Così si scriveva 20 anni fa nelle aule di urbanistica delle università italiane:

“…non più impianti sportivi nel mezzo della campagna, circondati da enormi parcheggi e immensi ipermercati. Non più generatori di traffico e d'inquinamento, ma luoghi urbani, conviviali, perfettamente integrati alla scala della città. Luoghi aperti dove si possa fare la spesa, incontrare amici, praticare sport e partecipare a eventi sportivi e fare tante altre cose. Stadi e palazzetti dello sport circondati da abitazioni, ristoranti, bar, negozi, uffici, cinema, hotel, tutte le varie funzioni urbane che caratterizzano un vero quartiere”.

E allora ci si chiede: perché? Cui prodest?

Questa scelta folle, così lontana dalla logica, così vecchia da far pensare a scelte urbanistiche che negli Usa hanno abbandonato per disperazione 40 anni fa, qualche pregio ce lo dovrà pur avere, ci siamo detti, ma quale? Non è l’economicità, perché a Maratta le infrastrutture sarebbero da realizzare tout court. Non è la velocità di realizzazione, perché stiamo parlando di terreni demaniali, tempi ipotizzabili: 10-15 anni, quando di Terni non saranno rimaste che le macerie.
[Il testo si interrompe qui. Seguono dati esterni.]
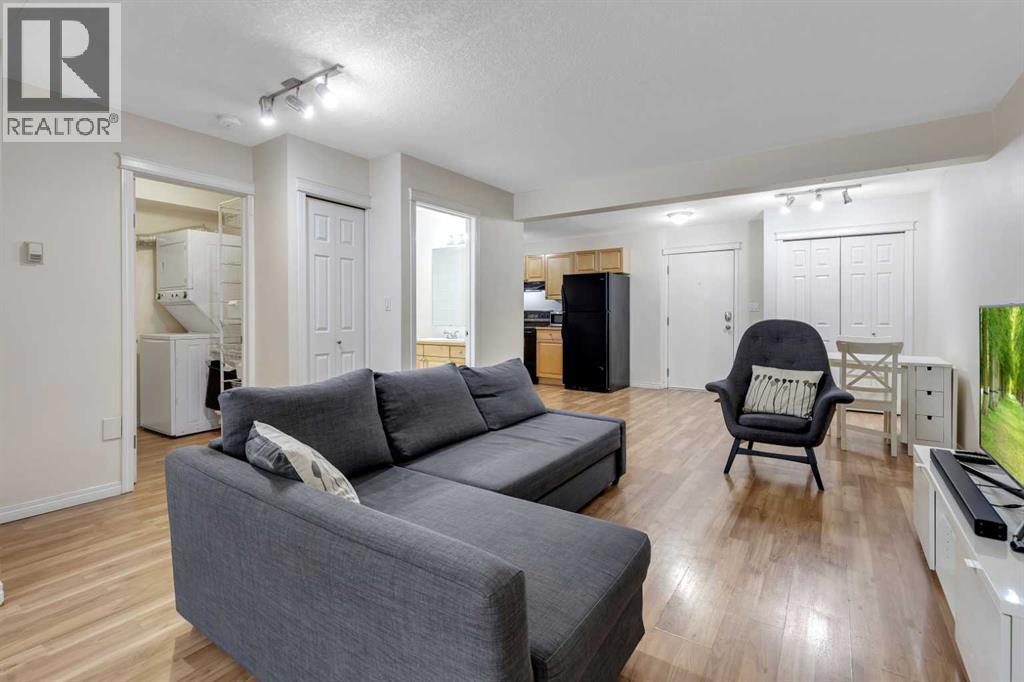 Single Family House for Sale in    Avenue SW Sunalta Calgary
Non è la fruibilità: un palazzetto a 5 km dal centro vivrebbe solo un giorno alla settimana. Non è il valore aggiunto per la città, perché il mattatoio resterebbe dov’è ancora per altri anni, compresi i tetti di Eternit, la puzza e le grida disperate. Perché il degrado di quell’area resterebbe immutato. Perché un’area a vocazione sportiva, già in parte realizzata, rimarrebbe monca per sempre. Non è la sostenibilità economica, perché un privato che realizzasse una cattedrale nel deserto non potrebbe fare utili con altre attività come quelle commerciali. E come è nella logica del mercato, chi non fa utili chiude. Poi abbiamo avuto un pensiero semplice e lineare (perché non amiamo la dietrologia e la logica del sospetto): che l’unica forza motrice sia il livore? L’astio a cui certuni (e non tutti, grazie al cielo), calpestando gli interessi delle città, e accecati dall’irrazionale voglia di rivalsa, asservono i loro progetti?

Il palazzetto dello sport al Foro Boario è un’idea dei nemici e quindi va azzerata? Guelfi contro Ghibellini? Lo scontro per lo scontro? Vincere lasciando solo macerie?

Una città civile e moderna si riconosce dalla continuità che le varie amministrazioni che si succedono, nel rispetto dell’alternanza democratica, sanno dare al progetto condiviso dalla città intera. Noi tifiamo Terni, sempre e comunque. Abbiamo tifato Terni quando reclamavamo la cacciata di chi ci aveva ridotto ad un cumulo di macerie, abbiamo tifato Terni quando con furore auspicavamo un ricambio alla guida della città. Lo facciamo anche ora.